Like many business owners, Rick and Warren thought it would be a simple process to continue the business when one of them died.
Nothing could be further from the truth.
Rick and Warren had a printing company and were equal partners. Warren died suddenly. Warren's shares passed to his widow, Sarah, who became Rick's new partner. She expected a regular paycheque to continue, even though she knew nothing about the printing business and could not contribute to the daily operations of the company.
Business owners have to contend with many facets of financial management, business accounting, cash-flow management, and capital acquisition. The one area of financial management that often goes unheeded or is placed on the back-burner is their personal financial strategy, yet it is the one aspect of a business owner's financial picture that, if not soundly in place, could have the most serious unintended consequences for the business.
Imagine the following scenario for a moment. You and your partner have opened a business, and are feeling extremely confident about your current success. Your primary competition across the street cannot keep up after one of their co-owners passes away, eventually closing down. Their entire customer base eventually comes your way, and business has never been better. This might be a positive scenario strictly as far as your business is concerned, but a wise businessman or woman should be thinking one thing at a time like this—what if our positions were reversed?

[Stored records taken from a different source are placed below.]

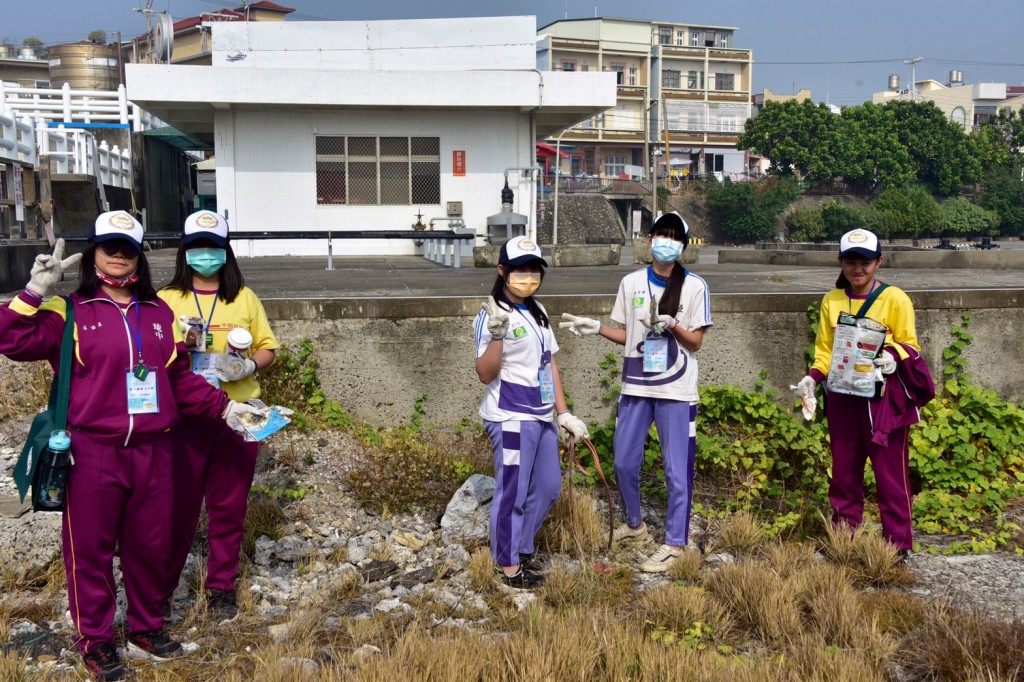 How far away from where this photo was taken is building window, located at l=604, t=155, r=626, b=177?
77.8 metres

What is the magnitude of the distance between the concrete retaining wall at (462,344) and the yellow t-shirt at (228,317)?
8.42 feet

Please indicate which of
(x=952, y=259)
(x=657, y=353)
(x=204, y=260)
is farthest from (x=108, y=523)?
(x=952, y=259)

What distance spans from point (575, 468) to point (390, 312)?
1.80m

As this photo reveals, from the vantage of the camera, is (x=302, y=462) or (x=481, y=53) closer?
(x=302, y=462)

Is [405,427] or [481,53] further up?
[481,53]

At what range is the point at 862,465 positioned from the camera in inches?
211

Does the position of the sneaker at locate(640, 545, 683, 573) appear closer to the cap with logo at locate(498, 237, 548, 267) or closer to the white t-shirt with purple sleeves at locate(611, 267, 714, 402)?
the white t-shirt with purple sleeves at locate(611, 267, 714, 402)

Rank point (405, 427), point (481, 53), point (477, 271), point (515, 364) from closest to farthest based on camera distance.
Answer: point (515, 364) < point (405, 427) < point (477, 271) < point (481, 53)

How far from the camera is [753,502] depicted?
21.8ft

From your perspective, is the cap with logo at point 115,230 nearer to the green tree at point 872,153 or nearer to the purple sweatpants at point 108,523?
the purple sweatpants at point 108,523

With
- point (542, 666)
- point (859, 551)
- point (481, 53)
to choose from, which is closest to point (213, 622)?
point (542, 666)

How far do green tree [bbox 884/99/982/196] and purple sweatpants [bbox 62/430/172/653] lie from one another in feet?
241

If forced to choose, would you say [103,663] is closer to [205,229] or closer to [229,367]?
[229,367]

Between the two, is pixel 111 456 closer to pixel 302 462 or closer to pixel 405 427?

Accounting firm BDO Canada, found that only one-third of family-owned businesses survive the transition to second generation, with just a third of these getting to the next a mere 1 in 10 chance of the business surviving for three generations. Often, the reason is insufficient planning.
If you are a solo entrepreneur or are otherwise self-employed, you are aware that it is nearly impossible to take into account all the various tax consequences of your business decisions. You have a business to run and customers to please, so decisions are often made on the fly.
You hope that you will be able to sort it out adequately at a later date. The problem with this strategy is you are likely paying thousands of dollars in taxes to Revenue Canada that could otherwise be in your pocket.